Custom sql - Select all key-value data from a field with string data type

Hi, I have a sample test string value below. The string is patterned like an array of hashes or dictionaries. I want to get the name values with type type02.

Expected output: id = “test03, test04, test05”

Sample test string:

data = "[{'testdata': 'has', 'name': 'test01', 'type': 'type01'}, {'testdata': 'does not have', 'name': 'test02', 'type': 'type03'}, {'testdata': 'has', 'id': 'test03', 'type': 'type02'}, {'testdata': 'has', 'id': 'test04', 'type': 'type02'}, {'testdata': 'has', 'id': 'test05', 'type': 'type02'}]"

At first I used calculated field but I can only retrieve the first type02 info in the string.

ifelse(
    contains(split(data, ',' , 2),'type02'),
    replace(replace(split(data, ',' , 2), "'id':", ''), "'", ''),
    NULL
)

output: id = “test03”

Since the value datatype is a string and there are a few ids that I need, I am trying to use custom SQL and create a new table field.
In Athena, I trimmed the data value then tried to use json_extract_scalar() to get the key-value data inside but was unsuccessful.

trim('[]' from data) as trimmed_data
json_extract_scalar(replace(replace(trimmed_data, '''', '"'), ': False', ': false'),'$.id') AS id

Do you have any suggestions on how to parse this type of data? Thank you.

Hi,

Question, Is the number of items in the data dictionary fixed or can it vary per row?
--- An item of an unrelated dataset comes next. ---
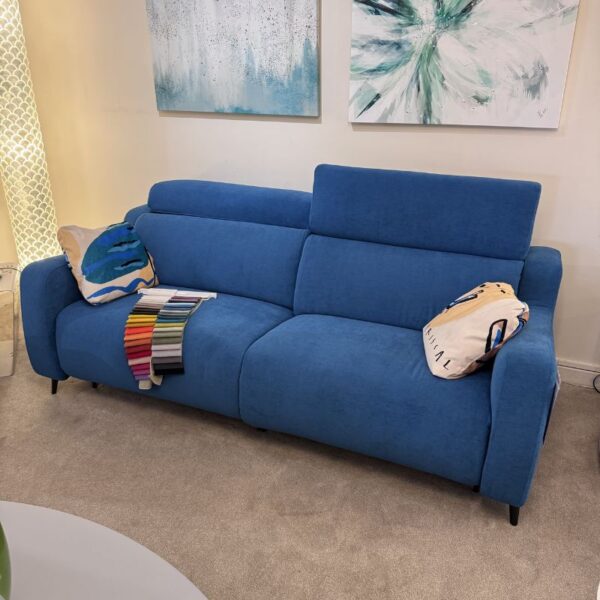 Berlin recliner sofa - Clearance Model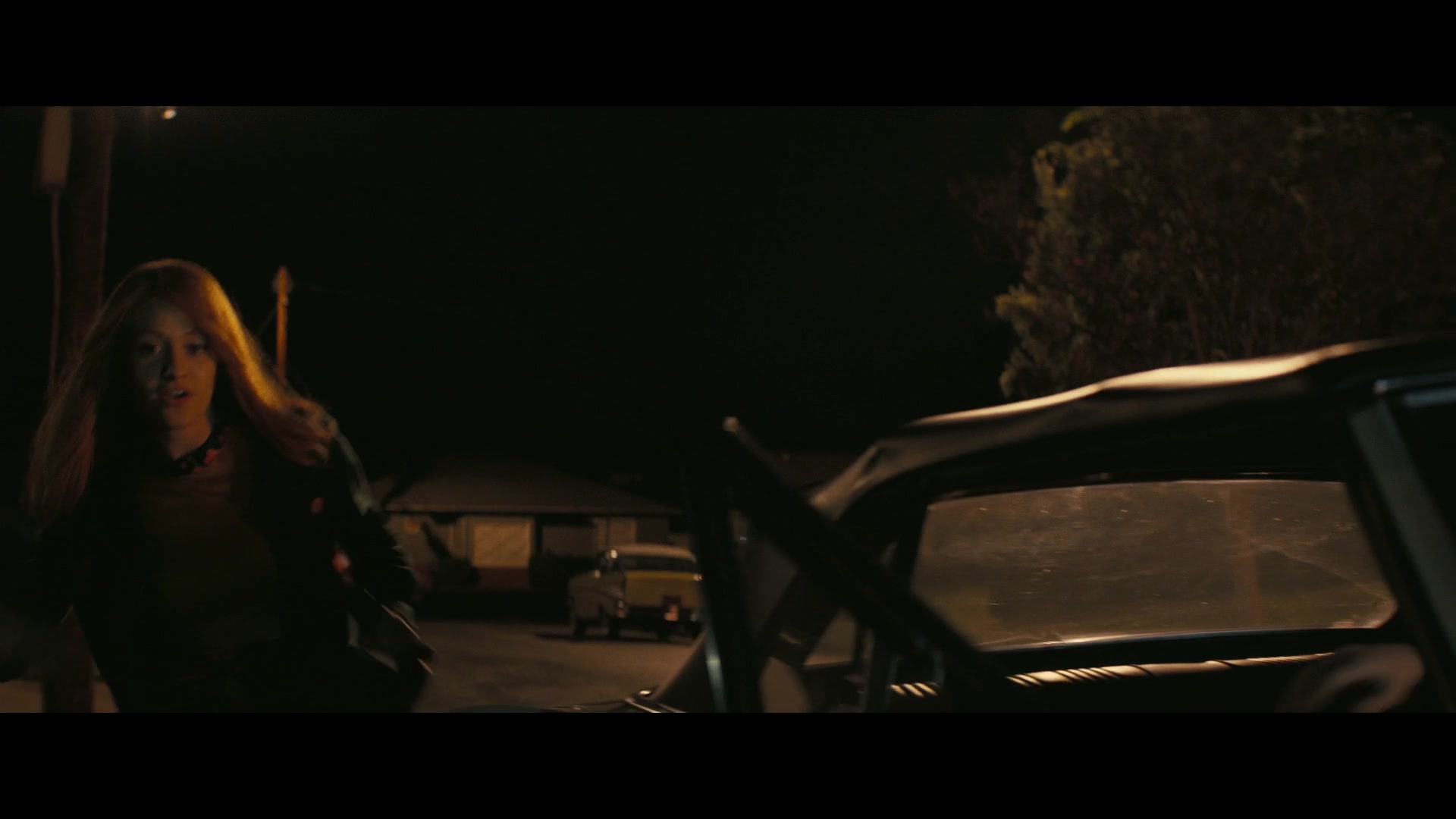 Angelyne_S01E05_Pink_Clouds_1080p_ERW_002626.jpg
Hello @andres007 , thank you for checking. The number of items are not fixed. And yes, it varies per row. Sometimes some keys like the id or type is not existing. Thanks

Hi,

If the number of elems and items is not known I have no ideas to try out, maybe someone else can help you here. If they were fixed you could just try nesting ifelse with splits.

1 Like

thanks for your help, @andres007 !

I’m still getting the same issue. Thank you.